The promise to renegotiate or else withdraw from NAFTA was one of the central points of the Trump campaign that helped him win states like Michigan, Ohio, and Pennsylvania. In keeping with his campaign promises, the Trump administration has since proposed to tighten automotive content rules and rules of origin (from 62.5% to 85%) to increase car production in the United States.
According to Scotiabank’s Global Auto Report, the push to renegotiate NAFTA could give rise to “significant uncertainty” across North America. Since the agreement came into force in 1994, NAFTA has resulted in an extremely complex and integrated web of auto supply chains. The expansion of assembly plants in Mexico, for example, accounts for a third of American auto part exports, an improvement over the less than 5% share prior to NAFTA’s inception. Any disruption in the free exchange of vehicles and auto parts could destroy the integration, stable pricing, and other comparative advantages that have enabled the North American auto sector to outperform other manufacturing industries and standout from the global auto market.
Automakers from all three jurisdictions are on the defensive over the potentially negative economic impact a more protectionist version of NAFTA could have, explains Peter Hall, the vice president and chief economist at Export Development Canada, adding “this new wave of ‘America-first’ thinking is not just troubling to Mexico. Canadian producers are worried that the ill feelings might also shift our way, forcing, or subtly coercing increased production stateside.”

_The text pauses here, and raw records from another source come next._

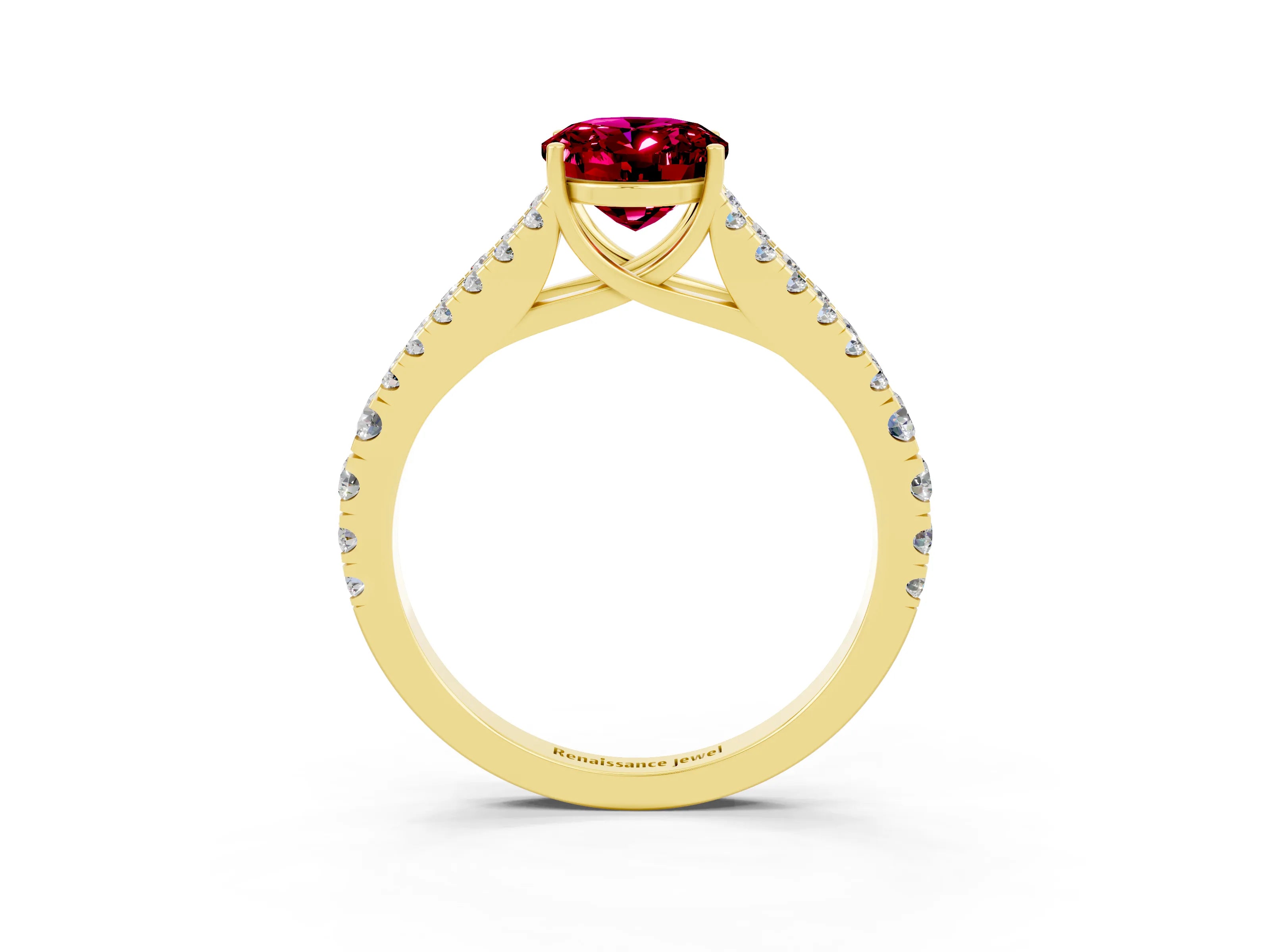 Yellow gold Oval Cut Cut Split Shank Pave Diamond Engagement Ring with Four-Prong Setting_3
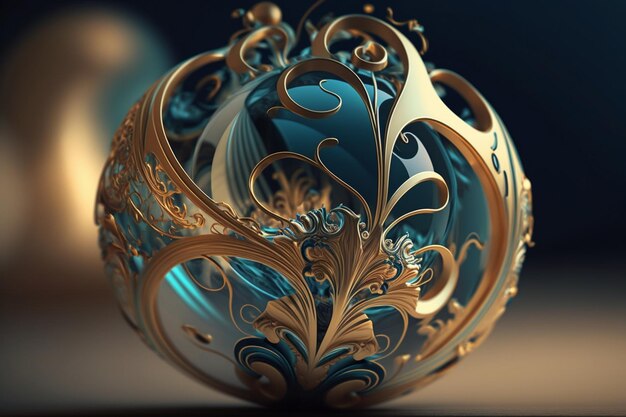 Close up of decorative glass ball with gold foiled design generative ai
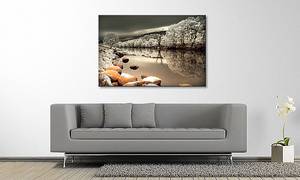 Leinwandbild Mystic River Fichte Massiv / Mischgewebe - 80 x 120 cm - Beige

For now, the major automakers are deploying a “wait-and-see” strategy on their next investment moves. Ford is still planning to invest $700 million into its Ontario operations, while General Motors Canada is implementing projects across its Ontario operations with a $554 million investment. And Fiat Chrysler still plans to inject $325 million into a new paint shop at its Brampton plant, and $6.4 million in Toronto operations.